The health benefits of green tea have been trumpeted in the media recently. Even though the claims may be exaggerated, if you’re going to drink much of any beverage other than water, tea is probably your best choice.
Tea is water plus phytochemicals including caffeine, and very little else unless you add a lot of sugar. Both green and black tea come from the same plant, camellia sinensis. To make green tea, the leaves are steamed, rolled and dried. For black tea, the leaves are dried, then fermented and fired.
Both green and black tea contain phytochemicals that have been linked to reduced rates of certain types of cancers. When brewed at normal strength, both contain about half of the caffeine found in a cup of coffee. If caffeine is a concern, de-caffeinated teas are available.

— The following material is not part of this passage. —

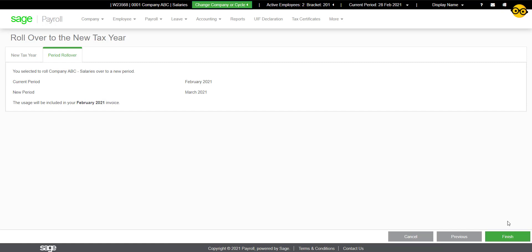If Finish is not available to you, then the latest update including the tax tables has not been released yet. Check our notifications or SageCity for more information regarding the release date.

Herbal teas are dried leaves of a wide variety of plants, which you steep in hot water as you would regular tea. They are generally caffeine free. Many claims are made for the phytochemicals found in herbal teas, but all we can safely say is: yes, they do contain phytochemicals, which may be beneficial or harmful, depending on the plant used and the amount you drink. If you have hay fever or other allergies, be aware that herbal teas made from plants in the family you are sensitive to can trigger the same reactions.
Tea appears to be healthful and may contribute phytochemicals to your diet that you would not otherwise get. So enjoy your tea, but remember, what is beneficial in moderation may be harmful in large amounts. That’s true for all foods, not just tea. If you need to drink more than a few cups of a beverage, make it water.